Permitted days without hospital cover include:
  • Any days on which a person's hospital cover is suspended by their health insurer. Any periods of suspension are at the discretion of the health insurer.
  • Any days during which a person is overseas that form part of a continuous period overseas of more than one year. Please note that the person is allowed to return to Australia for periods of up to 90 consecutive days and still be considered to be overseas. Once they are in Australia for any period longer than 90 days, they are considered to have returned from the date they entered the country.
  • The first 1,094 days (1 day less than 3 years) that the person is without hospital cover. This 1,094 day period can be used intermittently (i.e. a year with hospital cover, followed by a year without hospital cover, followed by another year with hospital cover etc).
If you are unsure how much of your 1,094 permitted days without hospital cover you have used, your insurer should be able to inform you. Alternatively, you can refer to the annual statement that your health insurer sends you detailing your LHC status.

Waiting periods

The rules for waiting periods for hospital benefits are not affected by LHC. The current maximum waiting period before a person can claim benefits on their hospital cover is two months, except for obstetrics and pre-existing ailments where the maximum waiting period is twelve months.

Pre-existing ailments

The rules for pre-existing ailments are not affected. You are required to serve a maximum waiting period of twelve months before you are able to claim benefits under your hospital cover for pre-existing ailments.

A pre-existing ailment is an ailment, illness or condition, the signs or symptoms of which, in the opinion of a medical practitioner appointed by the health fund, existed at any time during the 6 months prior to the member joining a hospital table or upgrading to a higher level of cover.

Varying level of cover

Members will be able to vary their level of cover without adjustment to their LHC age.

Ambulance/General treatment cover

LHC does not apply to private health insurance for general treatment (also known as extras or ancillary cover) or ambulance cover.

Therefore, you need to take out a private health insurance policy that includes hospital cover, not just general/ancillary or ambulance cover, in order to be assigned a LHC age and lock in the base rate premium.


The LHC loading for a hospital cover policy which covers a couple or family is calculated by using the average of the respective LHC loadings of the adults covered by the policy.
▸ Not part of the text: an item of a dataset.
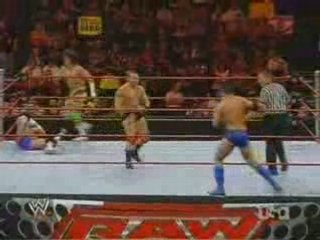 Carlito & Santino vs Rhodes & Holly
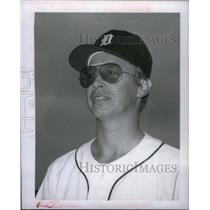 Press Photo Richard Folkers Mets Cardinals Padres Brewe - RRX39957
All health insurers are obliged to recognise the LHC age of any member wanting to transfer from another insurer. This means that members can transfer funds at any time without it affecting their LHC age.

Reciprocal Health Care Agreements

Australia has Reciprocal Health Care Agreements (RHCAs) with several other countries. For LHC purposes, eligibility for Medicare does not include people who have limited eligibility under RHCAs. This means that the grace period for migrants who have limited eligibility under a RHCA does not start until they are granted full eligibility for Medicare. Members who have limited eligibility under RHCAs do not pay a loading as their LHC base day has not yet been determined.